The answer is, slowly, over time and by making decisions that move us in the right direction; our true path. This is what we have done in my company, with the help of my awesome employees and talented wife, who is our jewelry designer. We have enjoyed ten straight years of double digit growth and been named by the Mayor of Santa Fe,NM, where we are located, as one of the communities most outstanding, visionary businesses. We have also had awards in our trade for outstanding service.

We have come full circle. Instead of crushing indigenous approaches, we turn towards that wisdom, using today’s contexts, to help us restore some kind of balance. If we continue on our current course, we will become extinct. So, I call this a manifesto; a doctrine which says, we must create wealth through the support of community and ecology. If we don’t, our children and their children’s children will not have a place to live.

Paul Hawkins is writing about the immune response of the planet. In these times, when it is easy to feel depressed over all the bad news, Hawkins points out that there are millions of us out there doing our thing to support the whole. And in my own small world, I am trying to work through social corporate responsibility and green practices in the jewelry world. Won’t you join my conversation in trying to understand how this might be done?



Using Circle Energy To Break Through Communication Barriers And Energy Blocks In A Critical Project

15 10 2007

I have not posted for quite some time, mainly because I do not have the time to write for 2 blogs while working on the strategic elements of our company, developing a re-design of our website and attending shows most weekends in Aug/Sept. Fairjewelry.org was prioritized over circlemanifesto, for now.

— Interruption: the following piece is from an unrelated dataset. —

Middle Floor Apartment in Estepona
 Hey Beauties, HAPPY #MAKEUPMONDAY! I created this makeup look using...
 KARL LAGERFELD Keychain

We are nearly done with the re-design of celticjewelry.com. It should launch late Oct. A test version is already on line. The new design will incorporate a rating (FRE=fair, responsible and ecological) that can serve as a model for transparency for other jewelry companies.

Earlier this week the project seemed to be at an impasse over several issues. I wrote the following in response to one of our web consultants when he asked,

“Was it a design breakthrough or a team/psychological breakthrough?”

He said my response was a great blog post, which I would not have noted because I tend to think about blog posts as finished articles. But here’s what I said:

“On Weds I came home too stressed out about the whole thing. I wanted this project done by early September and I feel that the longer it gets put off the more sales we are missing. There was difficulty in communication around design, especially between Helen and the rest of us, and much of that centered around terminology. The information between Bob (our web tech person) and Helen around design was often channeled between me which did not work. I didn’t understand what Helen was saying anyway, partially because of my emotional reaction to her emotional reaction.”

“So I met Bob, Helen, Marek (who runs our blog and is involved with the project as well) and did a ceremony/circle in a format Helen, Marek and I have been studying with Indigenous people for over 15 years. In this circle, we each acknowledged the contributions being made, and we honored each other’s work, and considered the greater ramifications of what we were doing, and we asked for support from the universe for our project which we all see could have great benefit.”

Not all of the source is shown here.